The Talmud (Brachot 8a) relates that when they told Reb Yochanan that there were elderly people in Bavel, he was surprised, seeing as from the above posuk (verse) it is clear that longevity is restricted to "the land" which refers to Eretz Yisroel (the land of Israel), and not the Diaspora. But when they informed him that the elders of Bavel would arrive in shul (synagogue) early to daven (pray) each morning and stay there late into the evening, he understood that it was through their attachment to the shul that they merited old age.

The Kli Yakar points out that the question still remains. For when all's said and done, the Torah writes "on the land" etc., (referring to Eretz Yisroel) and the shuls of Bavel were not in Eretz Yisroel. And what is the significance of being in shul at early and late hours?

The Kli Yakar answers this question with a Talmud in Megilah (29a), which states that every shul is an integral part of Eretz Yisroel. The Talmud quotes Reb Eliezer, who says that the shuls in Bavel will one day be relocated to Eretz Yisroel. In that case, concludes the Kli Yakar, it is correct to refer to them as part of Eretz Yisroel, and a Jew who davens in shul is actually standing in the Holy Land. Those people who lived in the shul, so to speak, and who grow old, are people who are growing old in Eretz Yisroel.

One of the miracles that will occur during the final redemption is that all shuls and batei midrash (houses of study) will be flown to Eretz Yisroel.

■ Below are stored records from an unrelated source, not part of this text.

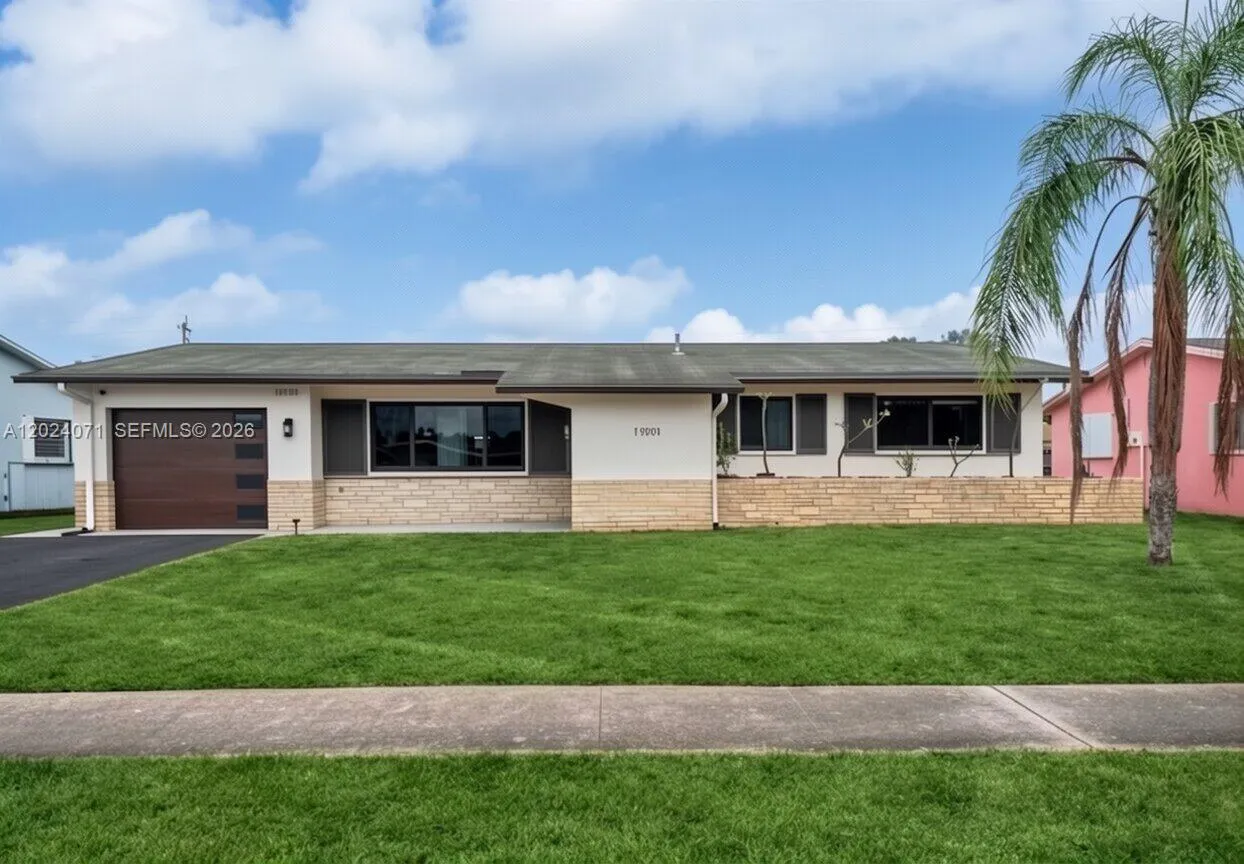 3 bedroom 2 bath for sale at 11901 NW 23rd St, Pembroke Pines FL 33026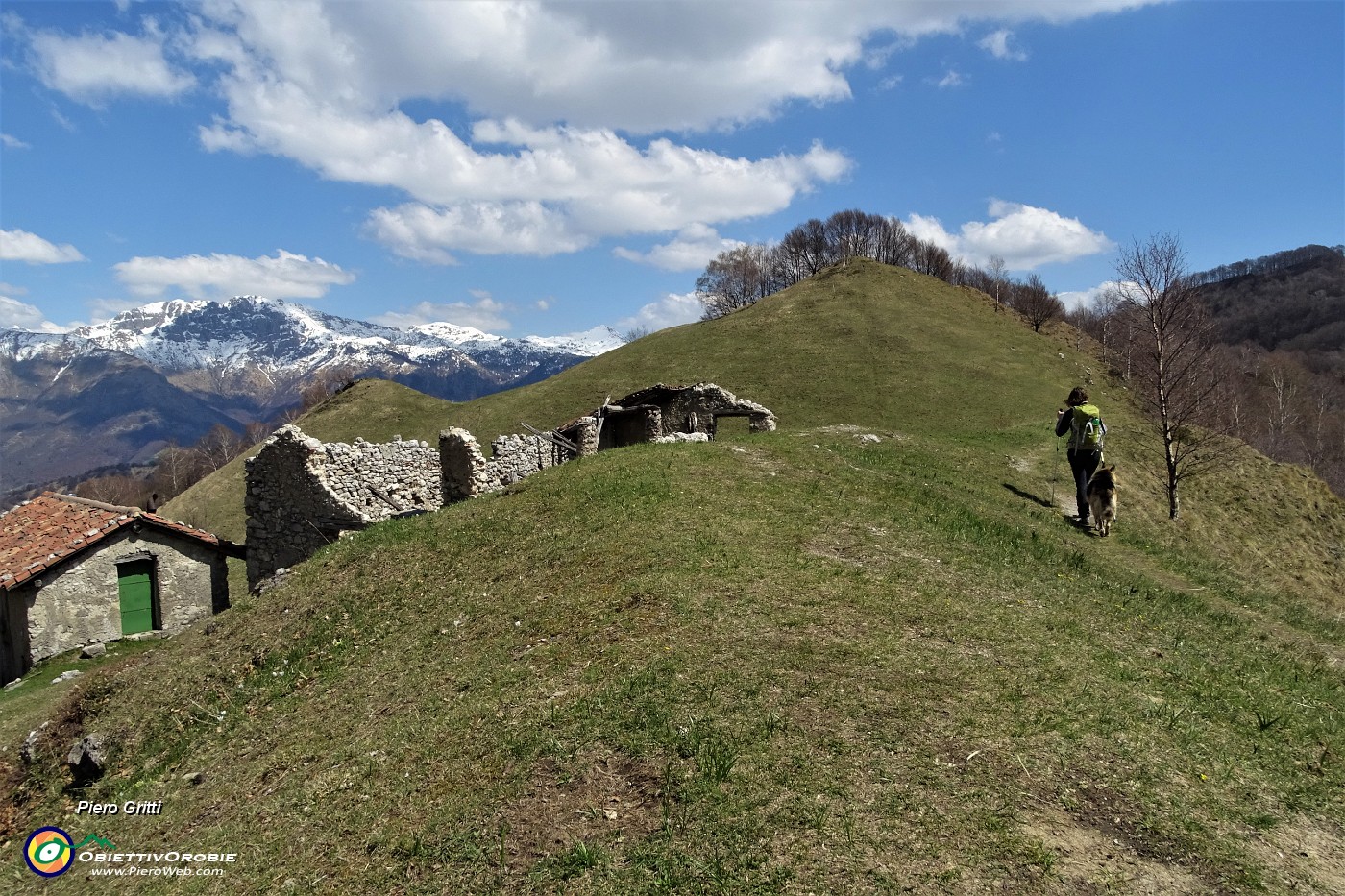 90 Rientrati alla Bocchetta di Desio (1335 m) con la grande cascina Pranura diroccata.   .JPG
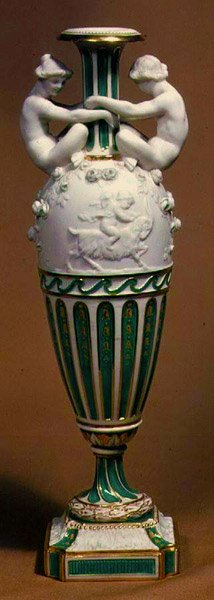Mintonvase dekorert med pariske porselensfigurer, ca. 1855 (beinporselen) av Albert Ernest Carrier Belleuse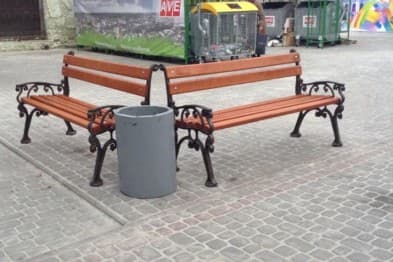 На вулиці Банківській у Львові облаштували лавки та wi-fi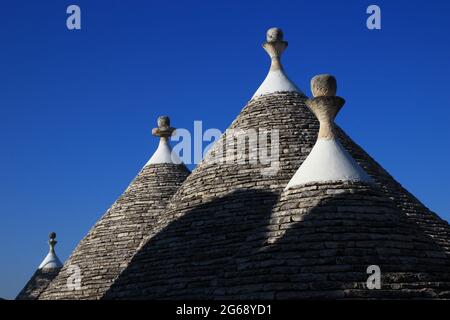 Quatre toits de trulli dans le quartier Monti d'Alberobello (Apulia, Italie) Banque D'Images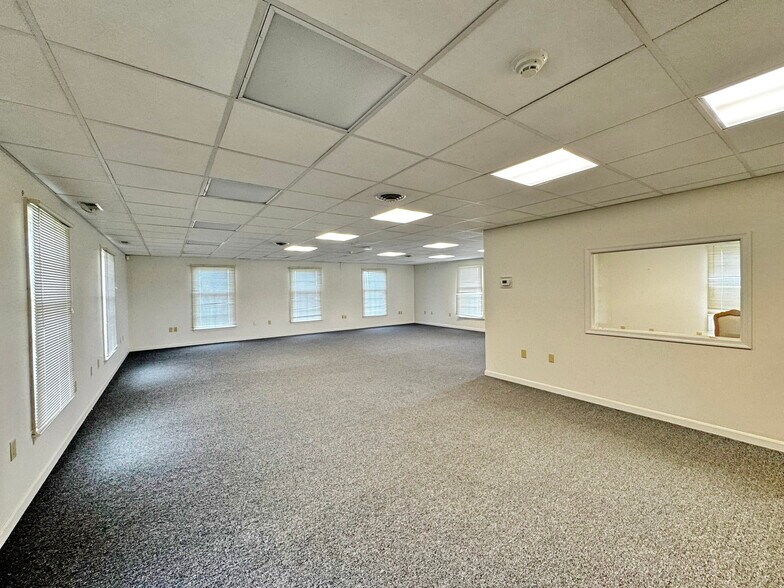More Photos Of 18119 N Sussex Hwy, Bridgeville Office For Lease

The Chofetz Chaim (Rabbi Yisroel Meir HaKohain Kagan of Radin; 1838-1933) took this literally, as recounted by a Jew who lived in a small town where the shul had no floor, just a wooden frame built directly on the ground. Distraught by this lack of respect, the Chofetz Chaim came to the town, gathered the people and gave the following drasha (speech).

"Chazal (our Sages) tell us that all the shuls of the Diaspora will be brought to Eretz Yisroel when Moshiach comes. What for? Do you think just the empty building will be taken? Of course not. All the people that daven in that shul will be assembled there, and the building with all its congregants will be lifted up and carried to Eretz Yisroel. But if there is no floor, the building will go, while its congregants will be left behind!"

Needless to say, the effect was electrifying, and the people fixed up the shul with lightning speed.

Thus, the Kli Yakar concludes, whoever rises early to go to shul and stays in shul late gives more honor to the house of Hashem. Therefore Hashem "prolongs his days ... on the land" because it is as if he spends the best part of his days in Eretz Yisroel.